== What is expected ==
In the entries below, find the line with "เล่นเส้น ก๋วยจั๊บญวน & ผัดไทย เล่นเส้น" and the line with "ge.more_x instagram image archive image". Return those two lines and all lines between them, exactly.

(Input)

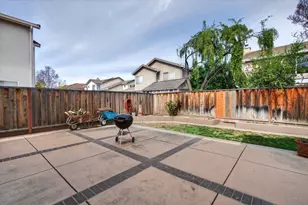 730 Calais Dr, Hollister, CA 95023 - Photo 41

(End Input)
(Input)

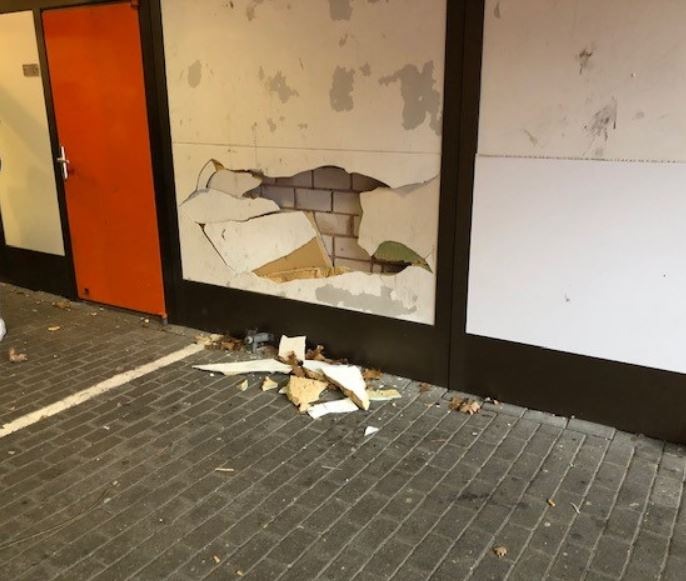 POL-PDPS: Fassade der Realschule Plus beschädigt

(End Input)
(Input)

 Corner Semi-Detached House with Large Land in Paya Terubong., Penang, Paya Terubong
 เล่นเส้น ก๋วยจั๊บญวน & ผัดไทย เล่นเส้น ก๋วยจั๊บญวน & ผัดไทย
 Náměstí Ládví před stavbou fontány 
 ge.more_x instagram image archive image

(End Input)

== Your response ==
 เล่นเส้น ก๋วยจั๊บญวน & ผัดไทย เล่นเส้น ก๋วยจั๊บญวน & ผัดไทย
 Náměstí Ládví před stavbou fontány 
 ge.more_x instagram image archive image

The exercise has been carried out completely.